Input material:
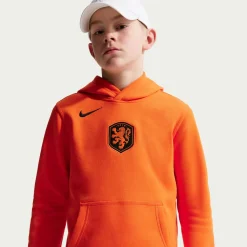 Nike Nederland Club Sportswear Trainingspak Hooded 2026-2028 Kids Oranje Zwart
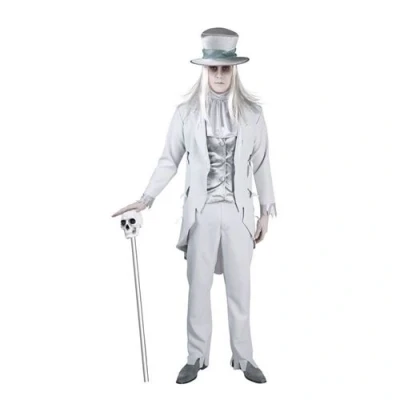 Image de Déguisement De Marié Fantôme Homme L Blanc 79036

==

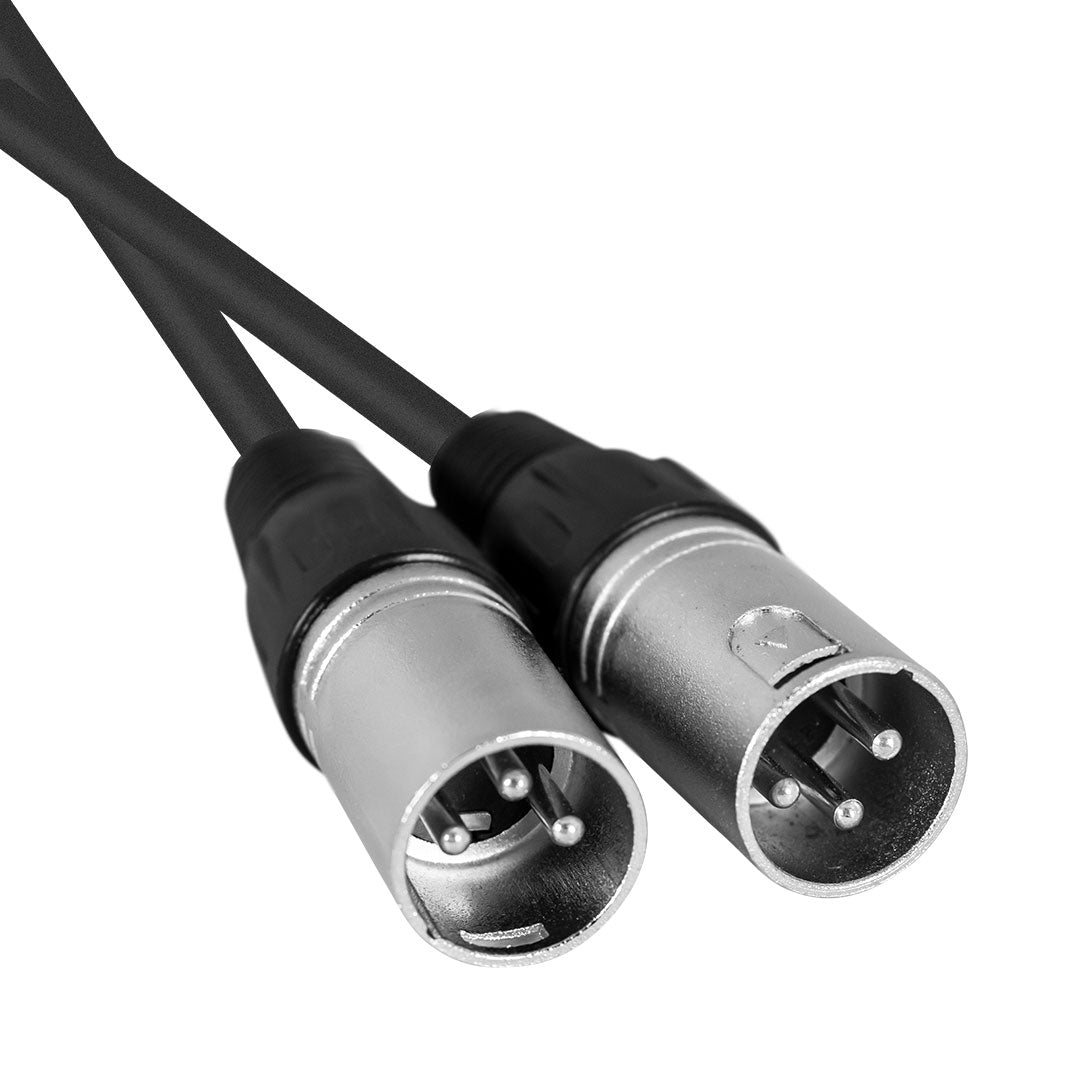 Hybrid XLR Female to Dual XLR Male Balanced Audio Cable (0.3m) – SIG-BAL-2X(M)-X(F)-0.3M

---

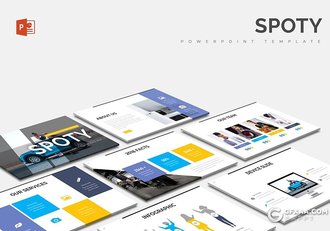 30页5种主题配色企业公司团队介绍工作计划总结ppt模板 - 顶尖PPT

Exercise goal:
Taking the material above, give again exactly the lines from the one holding "Nike Nederland Club" through the one holding "Image de Déguisement", with both ends and without pictures.

Solved exercise:
 Nike Nederland Club Sportswear Trainingspak Hooded 2026-2028 Kids Oranje Zwart
 Image de Déguisement De Marié Fantôme Homme L Blanc 79036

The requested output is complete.